In private equity, that usually starts with a cash flow forecast. You try to figure out how much money the business is going to make over the next five or ten years, and then you discount that back to today. Think of it like this: would you rather have a dollar now or a dollar in five years? You’d take it now, unless someone compensates you for waiting—and for the risk that something goes wrong in the meantime. That’s what the discount rate is doing.
This method, called discounted cash flow or DCF, is popular because it puts cash at the center of the valuation. But it’s also very sensitive to assumptions—growth rates, margins, capex, and exit values all matter. That’s why institutional investors always cross-check their DCFs with comparables. They look at similar companies that have sold recently or are trading publicly and ask: what kind of multiple is the market paying for these earnings or revenues? If your DCF says a company is worth $500 million but the market is paying $800 million for every other firm like it, something might be off.
And if it’s a leveraged buyout, the modeling goes even deeper. Now you’re not just thinking about value, you’re thinking about capital structure. How much debt can this business support? Can it service interest payments under different scenarios? What kind of exit multiple do you need to hit a 20% internal rate of return? These models aren’t just for fun—they’re central to the investment thesis. If the numbers don’t pencil out, the deal doesn’t happen.
Credit investors see the same company through a different lens. They’re not looking for upside—they’re trying to avoid downside. Their job is to figure out: will this company pay me back? And what happens if it doesn’t?

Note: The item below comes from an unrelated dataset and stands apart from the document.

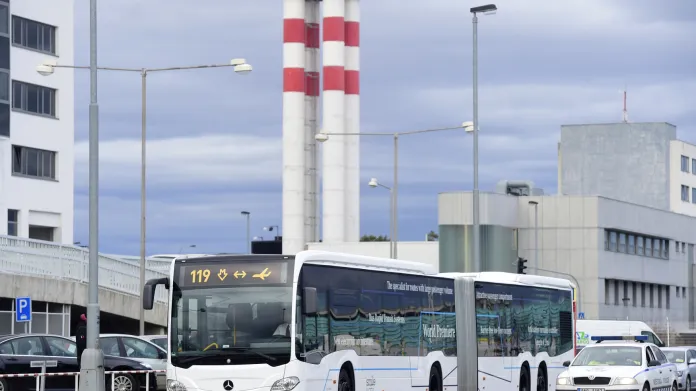 Dopravní podnik testuje 21metrový kloubový autobus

Valuation in credit revolves around yield and risk. A lender will look at the interest rate on the loan, compare it to a benchmark like SOFR, and ask whether the spread justifies the risk. But “risk” isn’t a single number—it’s a mix of things. What’s the company’s leverage? How volatile are its revenues? What covenants are in place to restrict risky behavior? If things go bad, how much of the loan could be recovered? Lenders will build scenarios where revenues fall, EBITDA contracts, and liquidity dries up—and then they check how far down the capital structure they are.
This is where the landscape starts to widen. Some lenders focus on large syndicated loans to sponsor-backed companies. These are usually arranged by investment banks and end up in the hands of CLOs or mutual funds. Others operate in the direct lending world—private funds that structure bespoke loans for middle-market firms. And then there are BDCs, which are publicly traded vehicles that behave a lot like private credit funds but serve retail investors and often target smaller borrowers.
Each of these lenders has their own tolerance for risk and return. But they all care about the same core issue: can the borrower generate enough cash to stay current, and what happens if it can’t?
What ties private equity and private credit together is that they both operate in a world without public pricing. Every deal is a custom job. Every valuation is a hypothesis. And every model is only as good as the assumptions you feed it. There’s no ticker to fall back on—just spreadsheets, judgment, and a deep understanding of how businesses behave under pressure. That’s why in this world, valuation isn’t a number. It’s a conversation.